La rose de l’Alhambra

 

 

 

 

 

Résumé des épisodes précédents.

 

 

 

Isabelle, fille aînée de viticulteurs du Bas Languedoc, Arthur et Marguerite Garrigues, par son mariage avec Miguel de Almanzar, est entrée dans une riche famille espagnole de la région de Valencia.

 

L’unique propriétaire des lieux, Luciana Ferrero, a dû se résigner, en épousant son voisin Juan de Almanzar, simple maraîcher et cela faute de soupirant. Ce dernier intéressé par l’« affaire » proposée par son futur beau-père, Luis Ferrero, partage désormais la vie de Luciana et se retrouve à la tête de l’orangeraie sans en être le propriétaire. Il a rempli son contrat : un enfant est né de cette union. C’est Miguel, l’enfant chéri de Luciana, conservatrice et fanatiquement religieuse.

 

Mais, une rivale amenée par son fils va savoir trouver sa place dans la vaste demeure et lui faire de l’ombre. Ainsi, Isabelle, devenue Isabella, provoque quelques bouleversements à l’ordre établi avec la complicité de Miguel son mari. Trois enfants sont nés de cette union : Juan, né en 1879, Maria-Isabella, née en 1883 et enfin Alfonso, en 1893.

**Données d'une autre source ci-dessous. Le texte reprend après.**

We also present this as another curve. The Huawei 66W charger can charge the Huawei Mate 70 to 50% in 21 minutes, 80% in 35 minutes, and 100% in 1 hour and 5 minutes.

Alors qu’une épidémie de choléra ravage le pays, le domaine est épargné grâce à l’application de gestes barrières et aussi grâce à la vaccination.

 

La pandémie à peine terminée, un incendie détruit l’oliveraie voisine des Alvarez.

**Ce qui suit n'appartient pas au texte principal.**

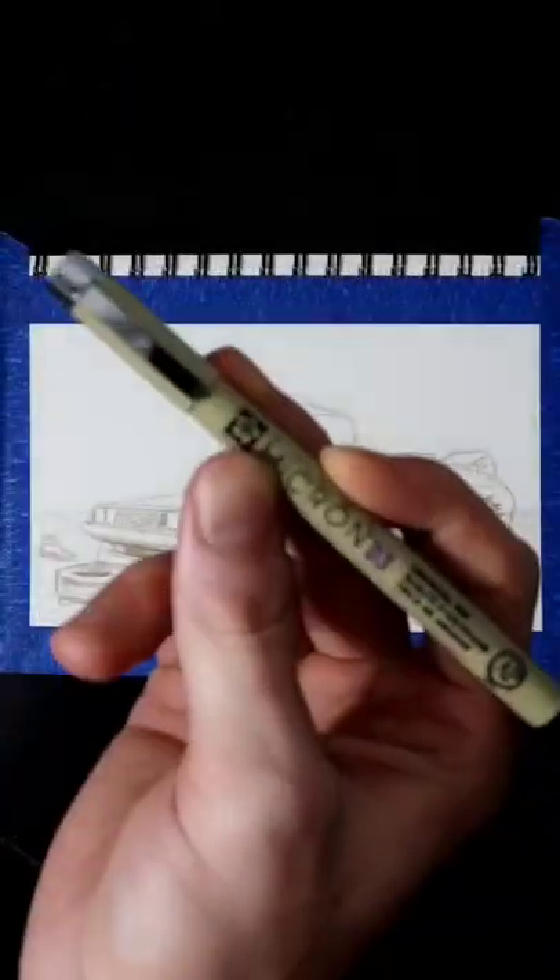Before I can dive in with the paintbrushes, I tape off my edges, do my sketching with a watercolor pencil, and do all of my lining with a micron pen.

Le bilan est lourd, le propriétaire meurt des suites de ses brûlures. Miguel de Almanzar recueille la petite Olivia Alvarez devenue orpheline et rachète la propriété de ses parents. L’enfant récupérera l’argent de la vente à sa majorité.

Des années ont passé et Juan junior et Olivia s’aiment mais Miguel de Almanzar s’oppose au mariage. Les amoureux quittent le domaine et Juan trouve un emploi de jardinier à Aranjuez. La nouvelle vie est difficile. Ils attendent la majorité d’Olivia pour qu’elle puisse récupérer son héritage chez le notaire de Bárriana. Il est grand temps car Olivia est enceinte…

 

Des jumeaux ont vu le jour ; ils sont très beaux et se nomment : Violetta et Vincente. Le fils Juan s’est rapproché de son père ; il est de retour à l’oliveraie qu’il administre en tant que nouveau propriétaire. Miguel de Almanzar en est heureux d’autant plus qu’une maladie le ronge. Il a définitivement repoussé son épouse. Cette dernière, Isabelle, s’est amourachée du professeur principal de son plus jeune fils : le professeur Fernando Delgado.

 

Elle se réfugie au domaine des Belles Demoiselles après le décès de son mari, en compagnie de son amant Fernando Delgado. Celui-ci quitte l’enseignement et reprend l’exploitation viticole d’Arthur Garrigues devenu son beau-père.

 

Le jeune Alfonso fréquente maintenant l’Université de Salamanque et remporte un maximum de diplômes. Il est retenu par le grand séminaire de Grenade mais son avenir vacille quand, interrogé par les gardes de sécurité et d’assaut, il apprend que son ami Ramon Sanchez est emprisonné au bagne de Ceuta pour conspiration contre le roi.

 

 

 

24

 

Une apparition,

 

 

En octobre 1916, j’ai repris mon poste au grand séminaire de Grenade. Le Père supérieur ne m’a pas fait appeler dans son bureau ; et, pour ma part, j’avais mis de côté l’incident de la fin d’année. Je savais où était mon ami Ramon et Fernand Delgado avait fait le maximum pour me rassurer. Au début de cette nouvelle année scolaire, j’ai eu le sentiment de ne plus être surveillé et suivi.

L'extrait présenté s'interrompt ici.